How to complete this task: The full set of entries below, restated word for word and stripped of images, is the expected result.

Supplied records:
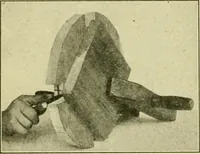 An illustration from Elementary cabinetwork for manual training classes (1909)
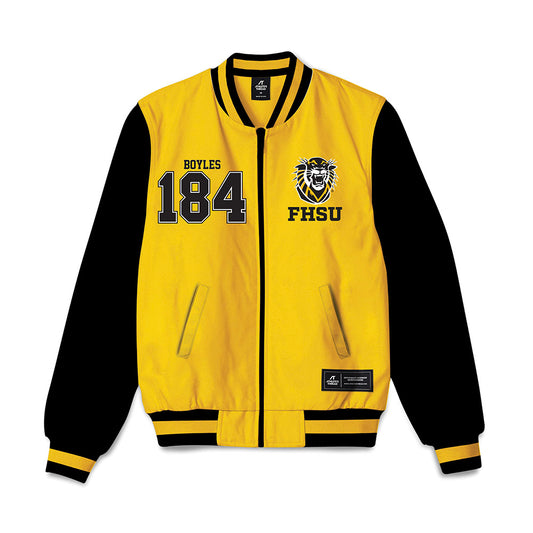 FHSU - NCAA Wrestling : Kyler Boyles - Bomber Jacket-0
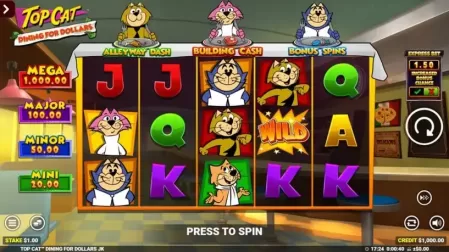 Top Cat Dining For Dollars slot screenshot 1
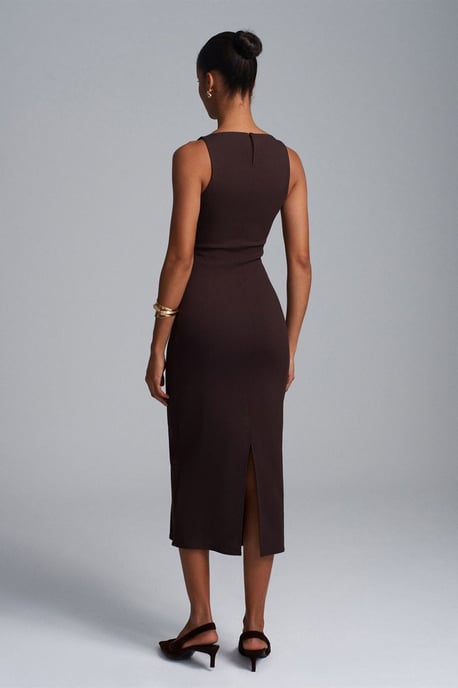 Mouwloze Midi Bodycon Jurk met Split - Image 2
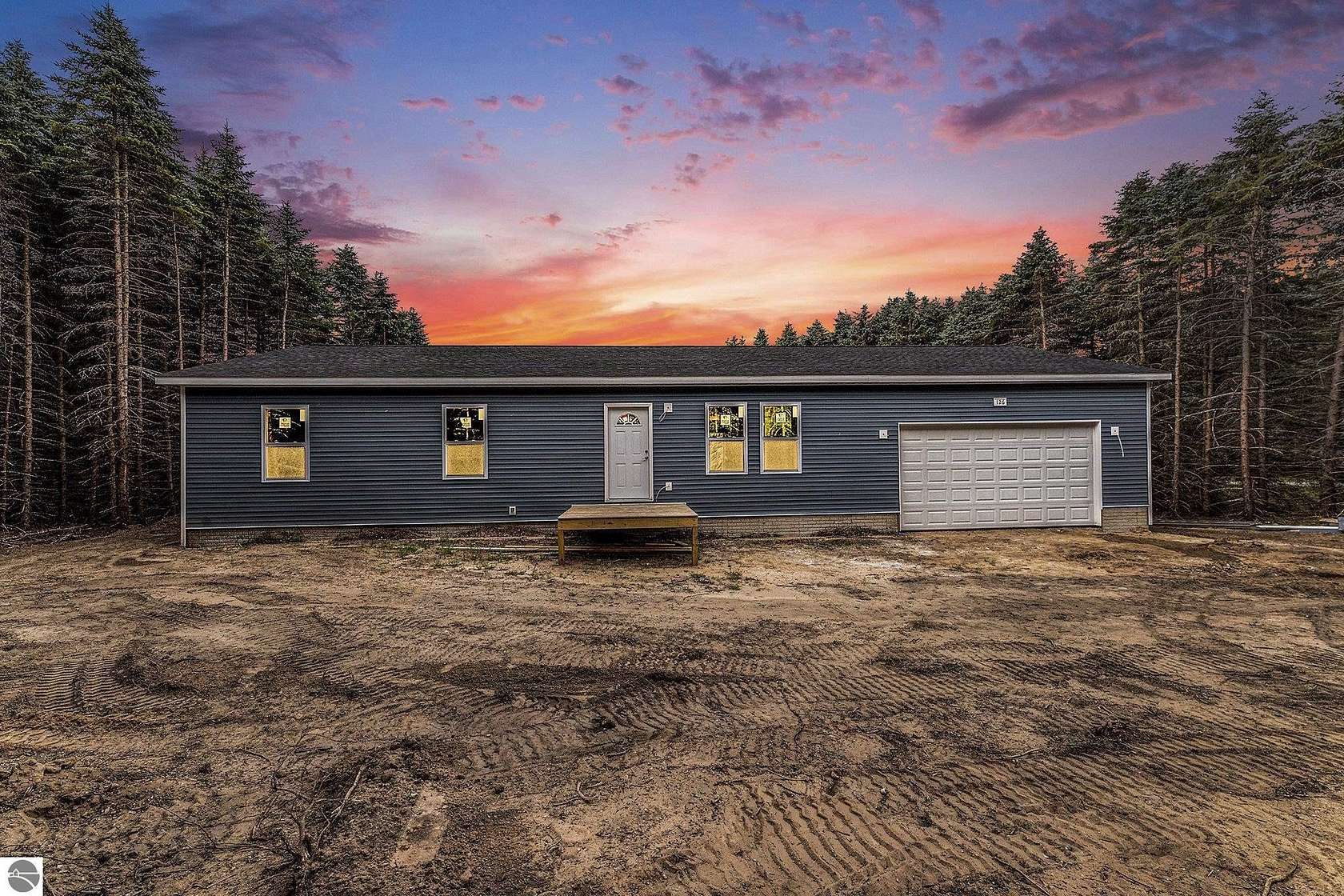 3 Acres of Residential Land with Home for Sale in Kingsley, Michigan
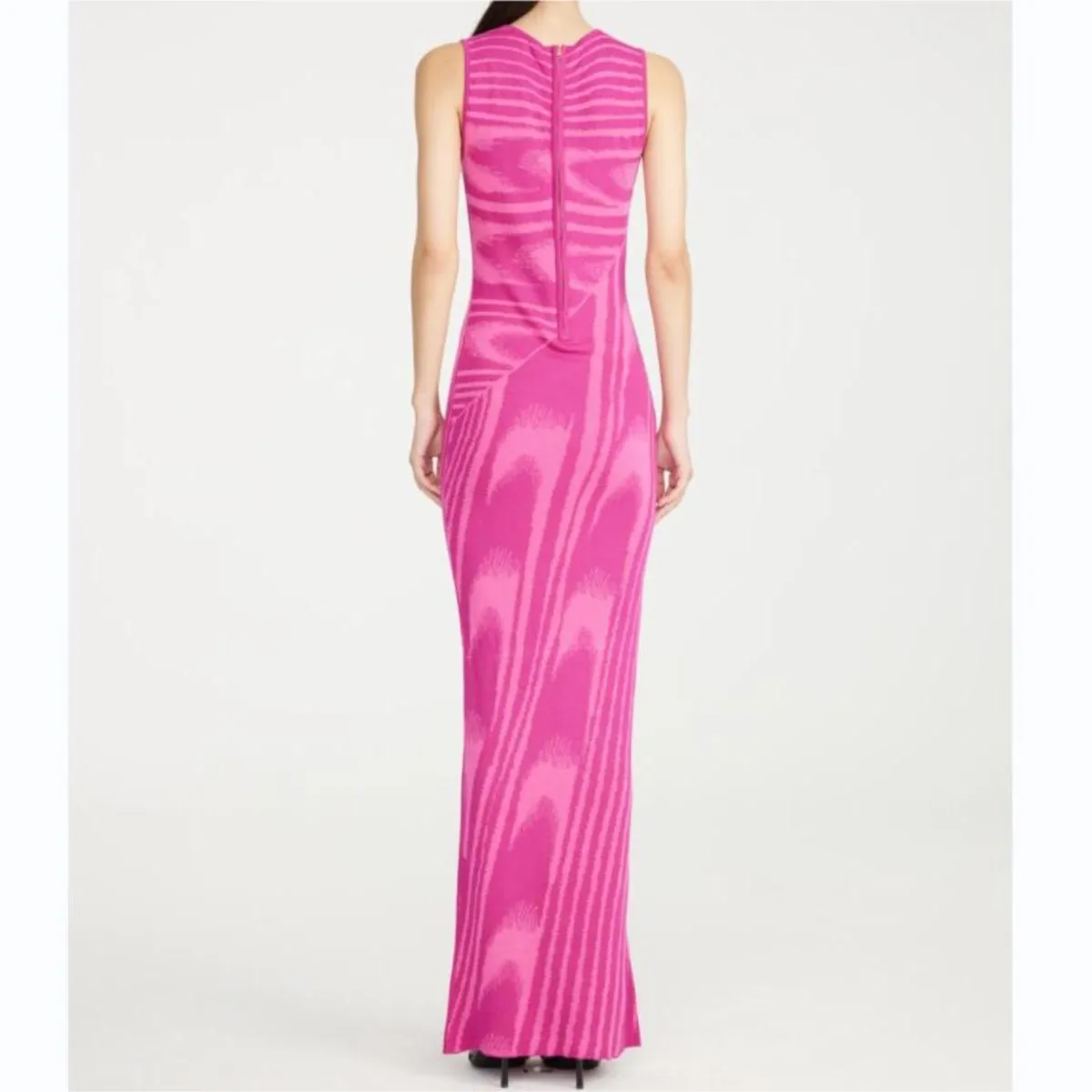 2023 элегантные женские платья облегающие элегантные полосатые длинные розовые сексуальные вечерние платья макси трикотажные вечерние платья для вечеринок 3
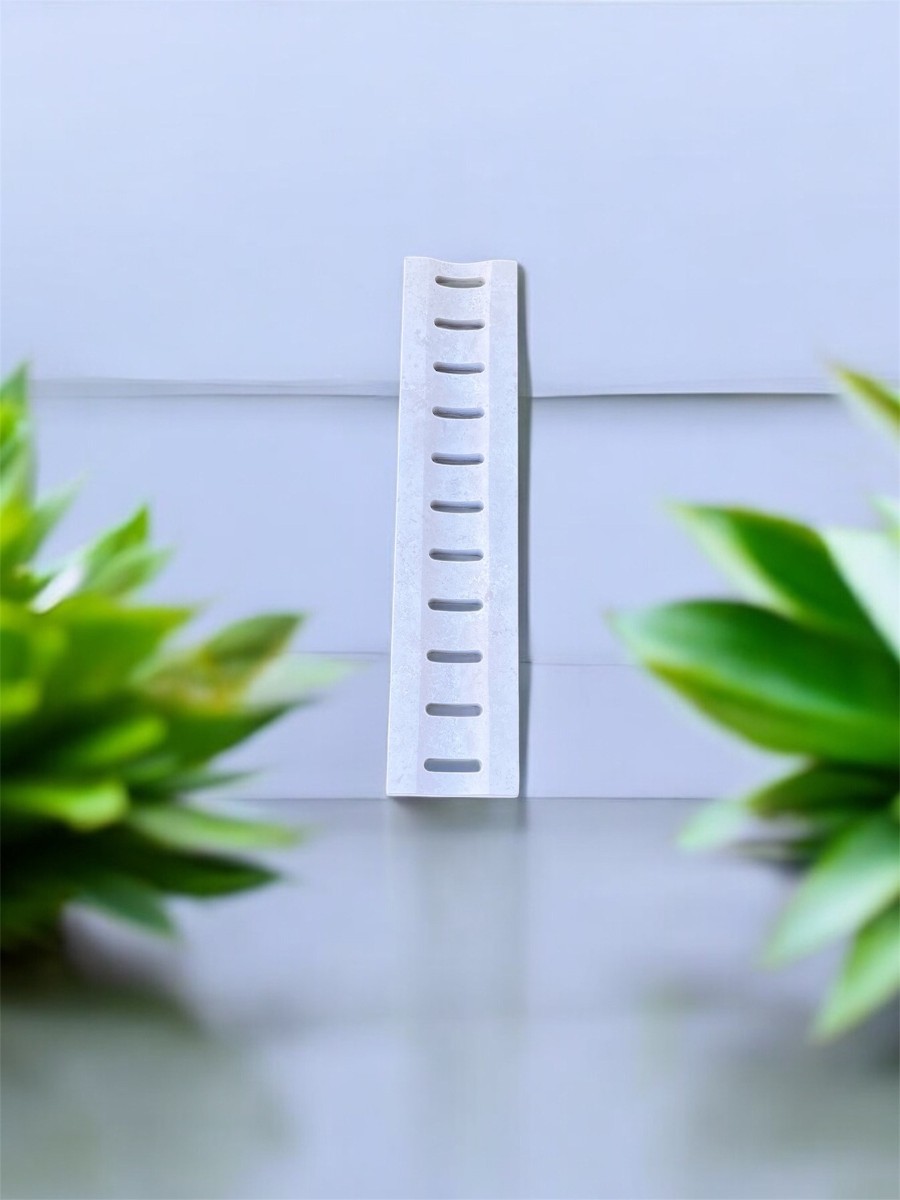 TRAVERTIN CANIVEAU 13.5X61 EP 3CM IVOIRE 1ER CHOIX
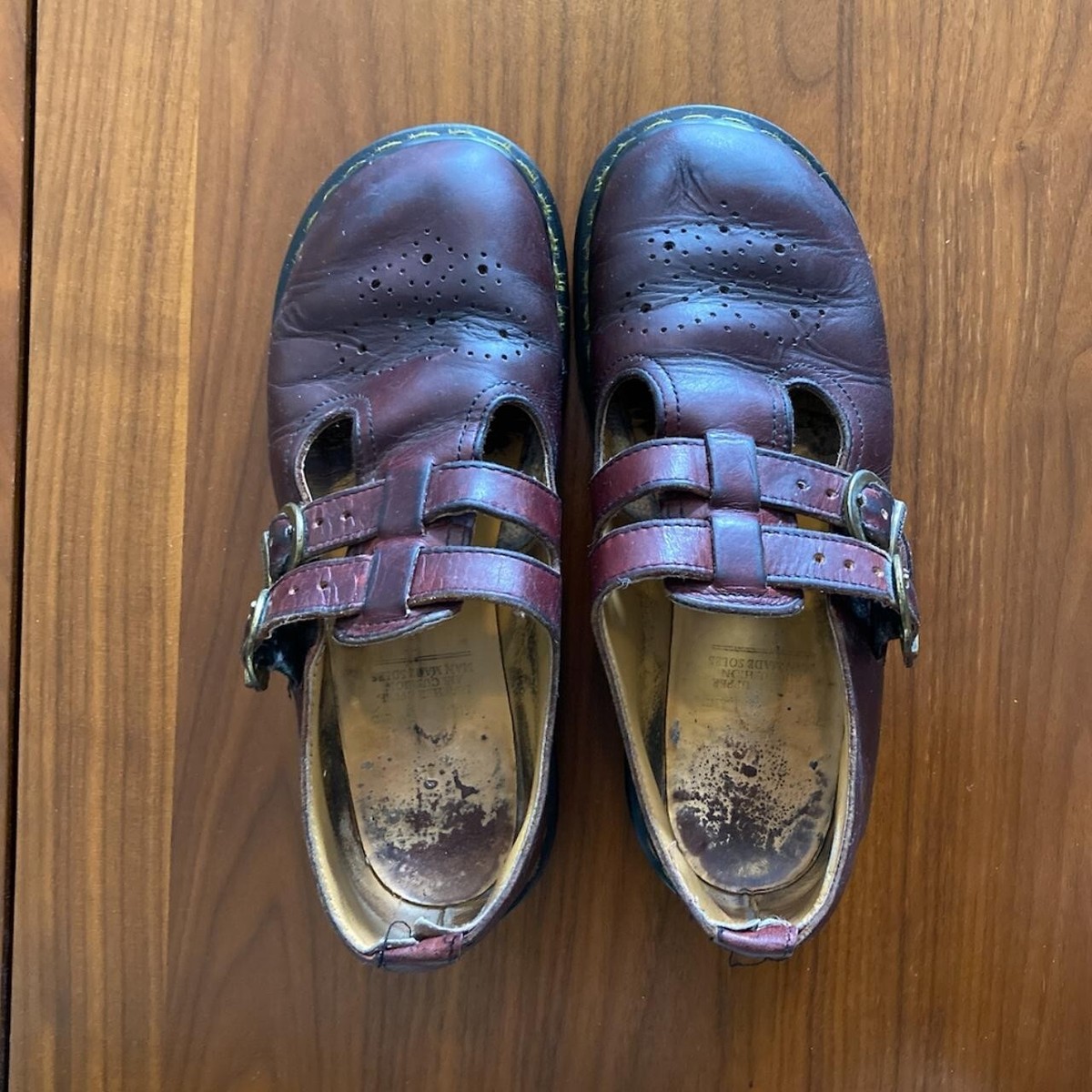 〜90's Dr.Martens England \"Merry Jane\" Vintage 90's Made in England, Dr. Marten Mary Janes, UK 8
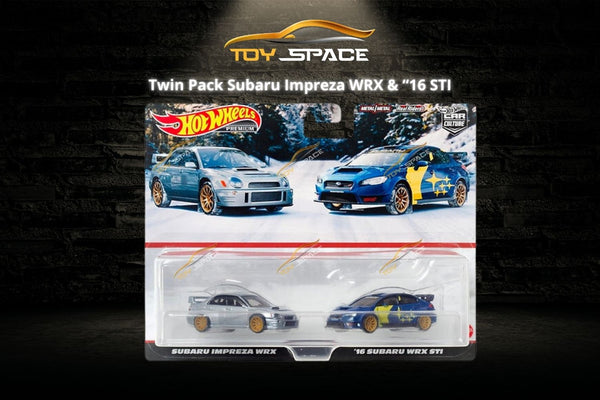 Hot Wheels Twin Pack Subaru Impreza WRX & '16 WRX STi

Exercise result:
 An illustration from Elementary cabinetwork for manual training classes (1909)
 FHSU - NCAA Wrestling : Kyler Boyles - Bomber Jacket-0
 Top Cat Dining For Dollars slot screenshot 1
 Mouwloze Midi Bodycon Jurk met Split - Image 2
 3 Acres of Residential Land with Home for Sale in Kingsley, Michigan
 2023 элегантные женские платья облегающие элегантные полосатые длинные розовые сексуальные вечерние платья макси трикотажные вечерние платья для вечеринок 3
 TRAVERTIN CANIVEAU 13.5X61 EP 3CM IVOIRE 1ER CHOIX
 〜90's Dr.Martens England \"Merry Jane\" Vintage 90's Made in England, Dr. Marten Mary Janes, UK 8
 Hot Wheels Twin Pack Subaru Impreza WRX & '16 WRX STi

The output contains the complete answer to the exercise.